▶ **WORK TO COMPLETE**
Up to and including the line with "Volcom Men's Vintage", restate every line of the records below word for word, from the first line on, leaving out the pictures.

▶ **PROVIDED MATERIAL**
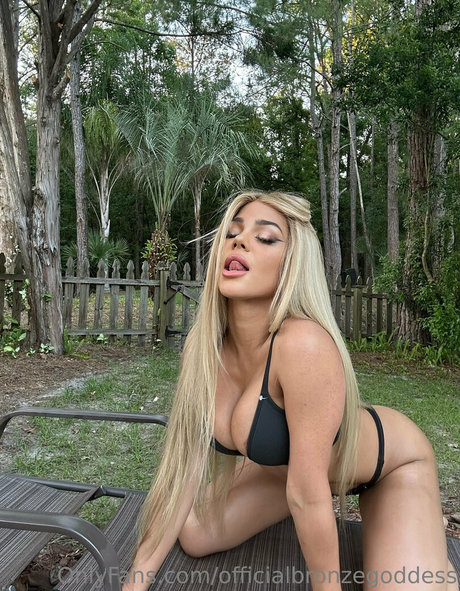 Bronze Goddess nackt hd archiv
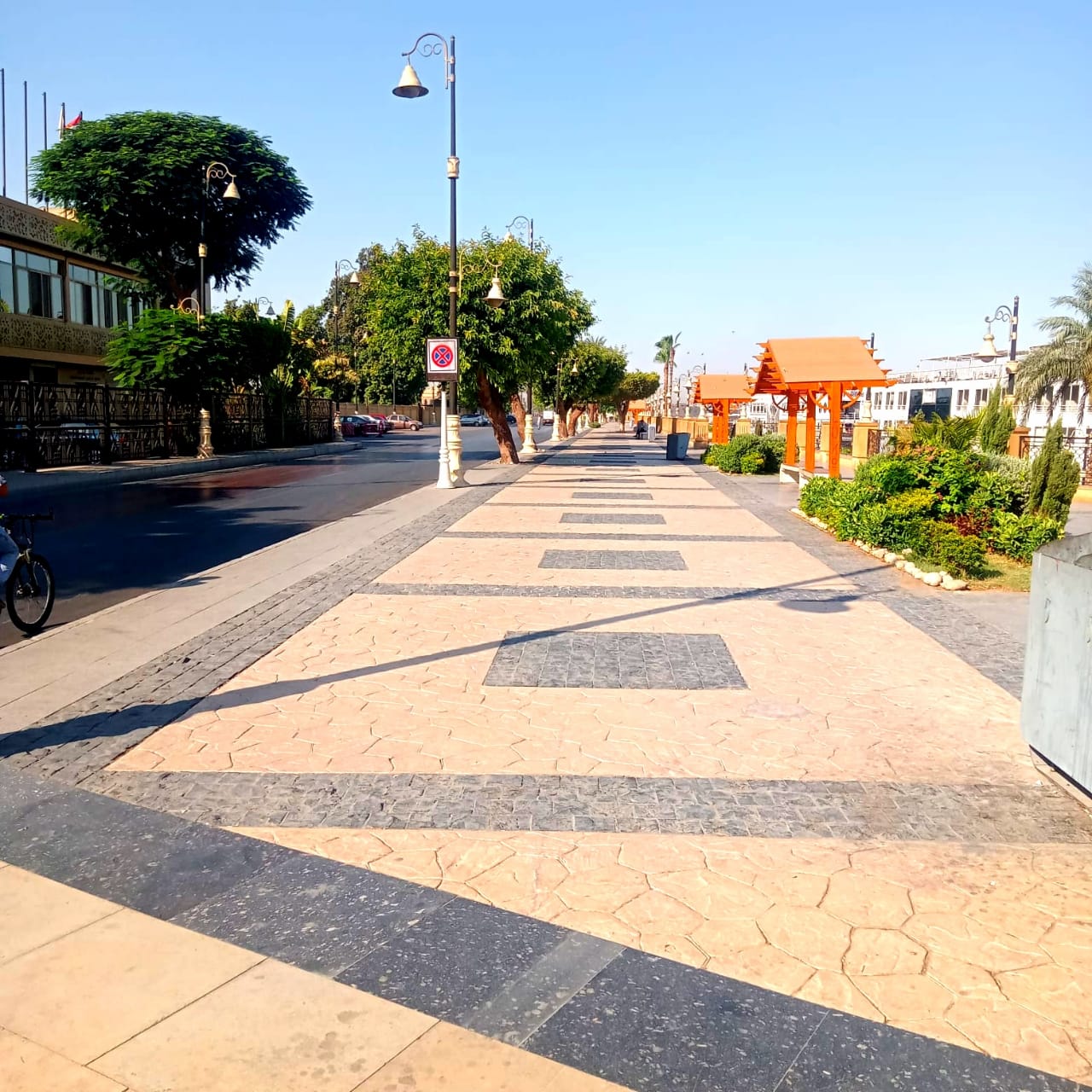 نظافة مكثفة بمنطقة الممشى السياحي وكورنيش النيل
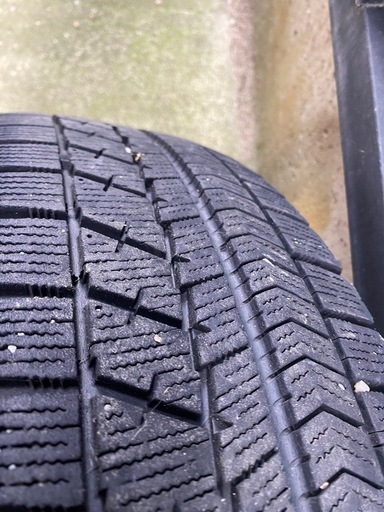 スタッドレスタイヤ　　　165／70R14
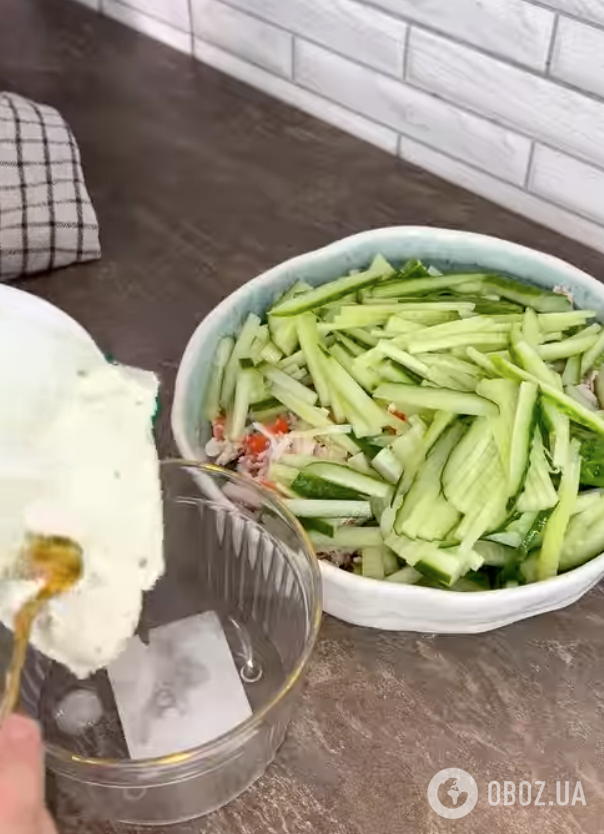 Новорічний салат "Суші" з двох інгредієнтів: рецепт страви, яка сподобається всім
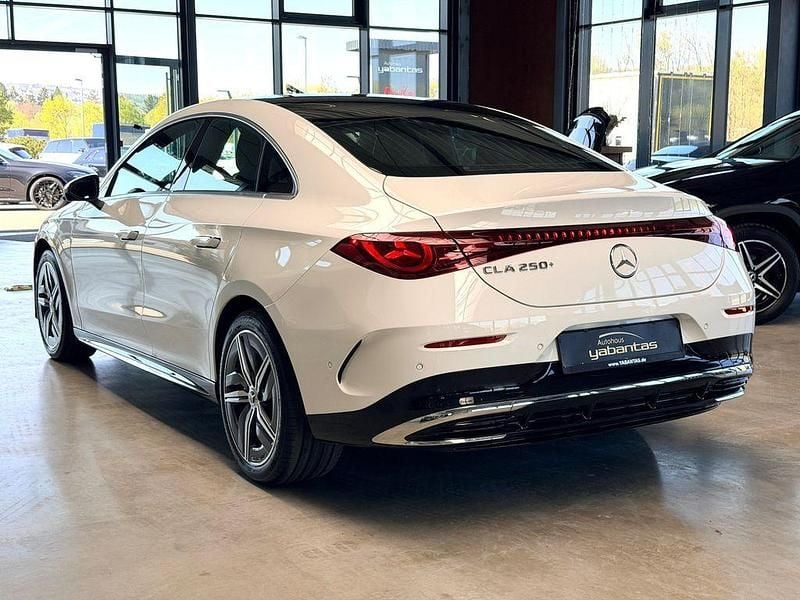 Gebraucht Mercedes CLA 250+ AMG 200 kW (272 PS) 2025 Weiß Limousine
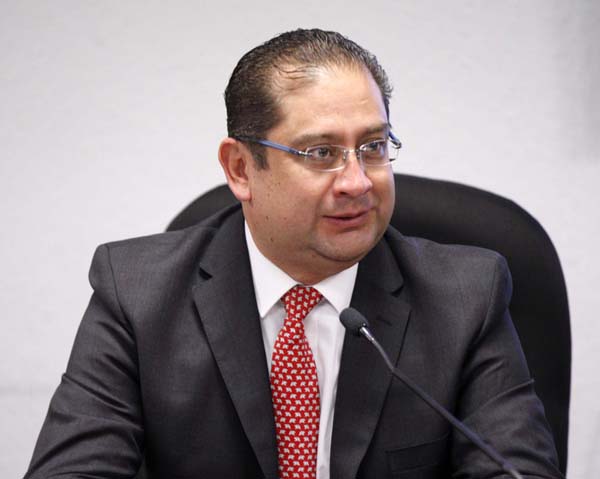 Coordinador de Procesos Tecnológicos del Instituto Federal Electoral Alejandro Andrade Jaimes.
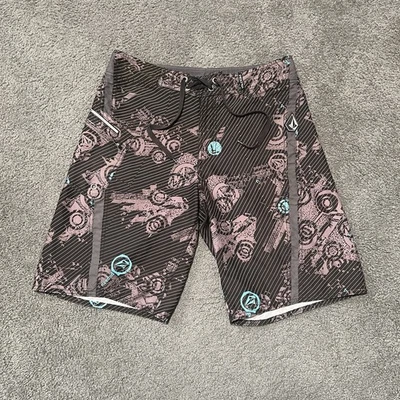 Volcom Men's Vintage Y2K Stone Surf Board Shorts, Cargo Pocket, Size 32 - Image 1 of 4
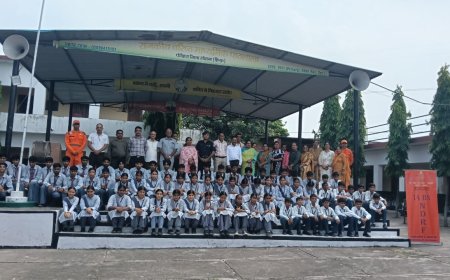 एनडीआरएफ टीम ने सिखाए छात्रों को आपदा से बचने के गुर
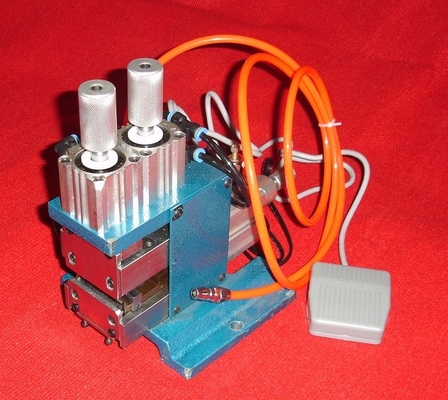 Vertical Multi Core Wire Stripping And Twisting Machine 120 Times - 130 Times / Min
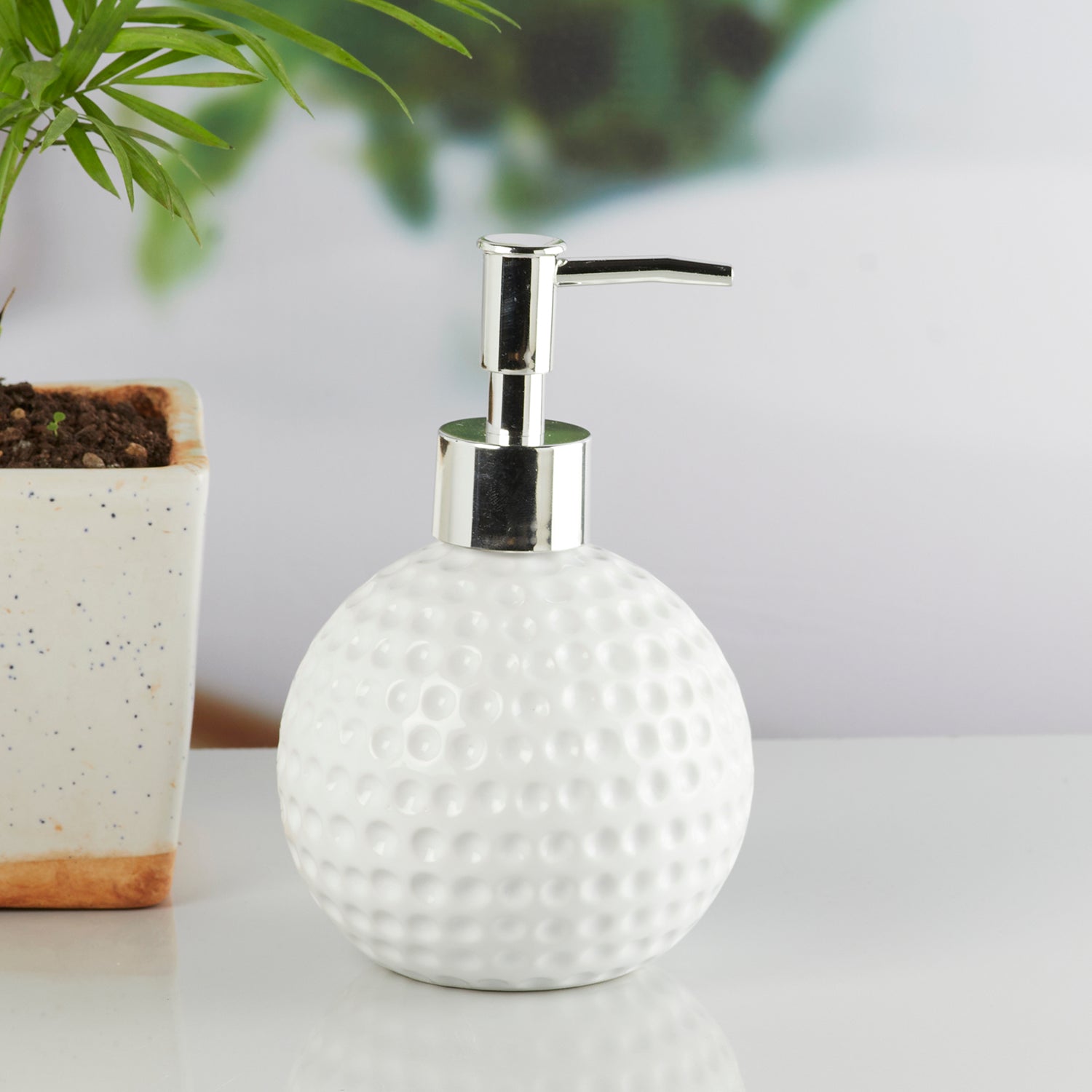 Kookee Ceramic Soap Dispenser for Bathroom handwash, refillable pump bottle for Kitchen hand wash basin, Set of 1, White (8653)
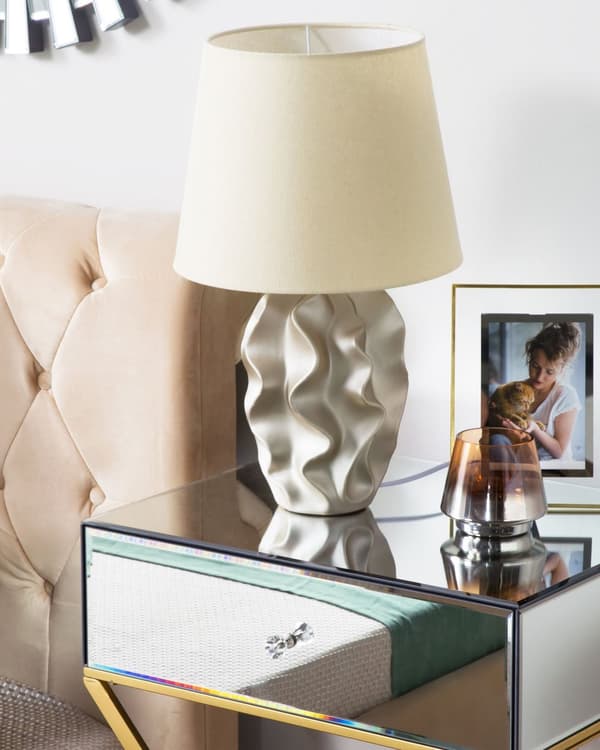Bordlampa Guld/Beige med Dekorativ Fot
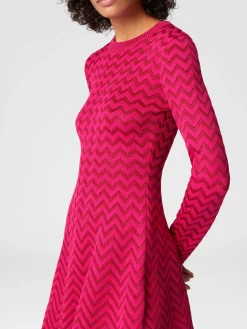 Mini-robe à manches longues à chevrons ton sur ton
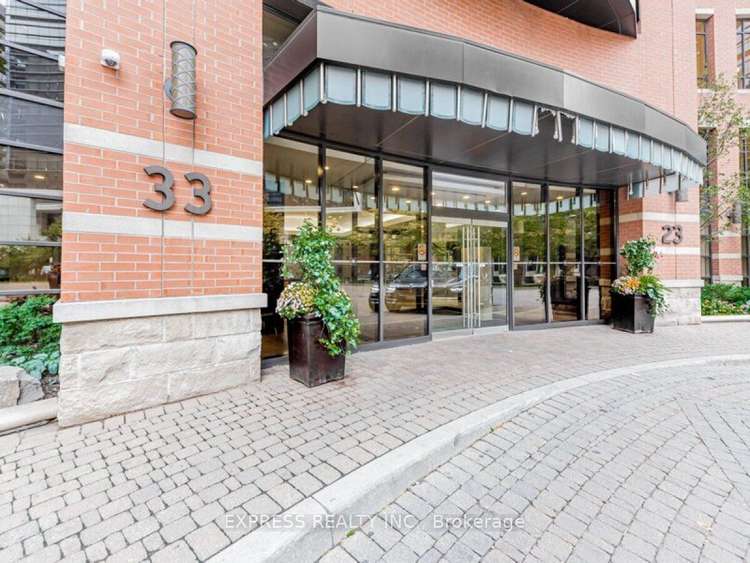 33 Sheppard Ave E, Toronto, Ontario, Willowdale East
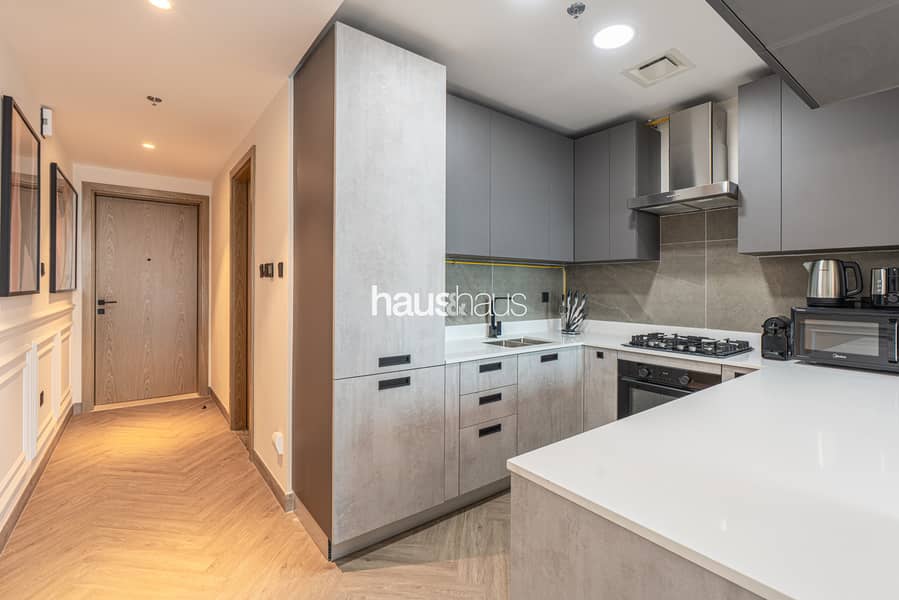 Newly Furnished | Near Circle Mall | Elegant - Image 12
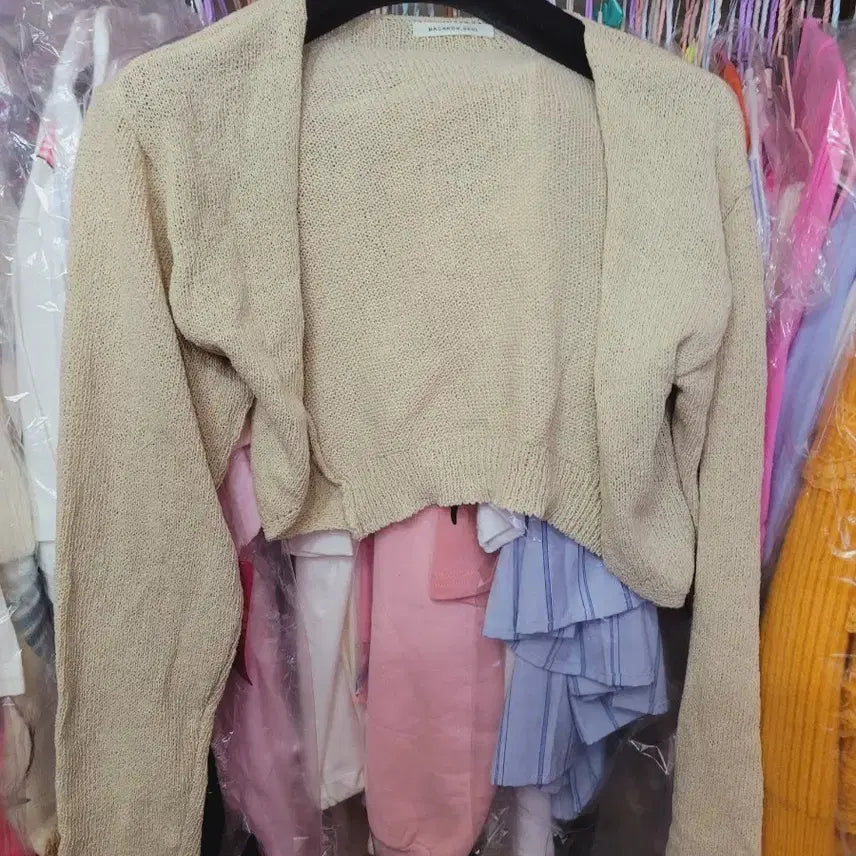 [BUNJANG] Macarong Seoul Cropped Knit Cardigan Beige / 마카롱서울 크롭 니트 가디건 베이지
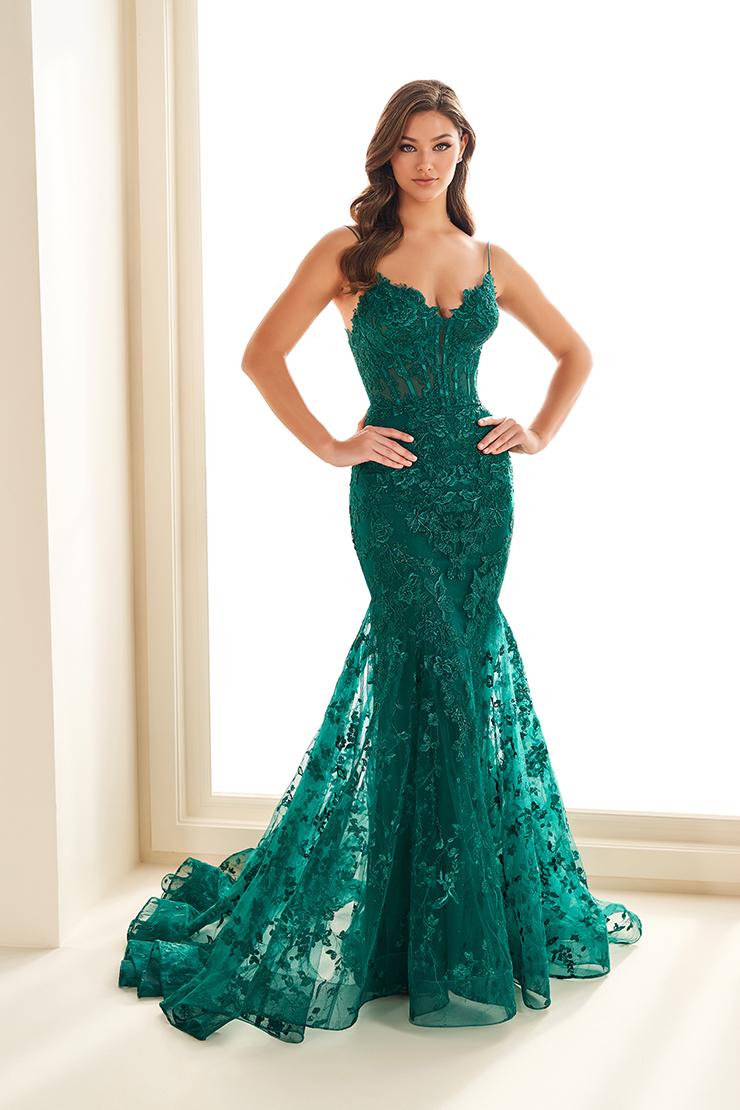 Ellie Wilde Style Number EW36008 - 3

▶ **ANSWER SECTION**
 Bronze Goddess nackt hd archiv
 نظافة مكثفة بمنطقة الممشى السياحي وكورنيش النيل
 スタッドレスタイヤ　　　165／70R14
 Новорічний салат "Суші" з двох інгредієнтів: рецепт страви, яка сподобається всім
 Gebraucht Mercedes CLA 250+ AMG 200 kW (272 PS) 2025 Weiß Limousine
 Coordinador de Procesos Tecnológicos del Instituto Federal Electoral Alejandro Andrade Jaimes.
 Volcom Men's Vintage Y2K Stone Surf Board Shorts, Cargo Pocket, Size 32 - Image 1 of 4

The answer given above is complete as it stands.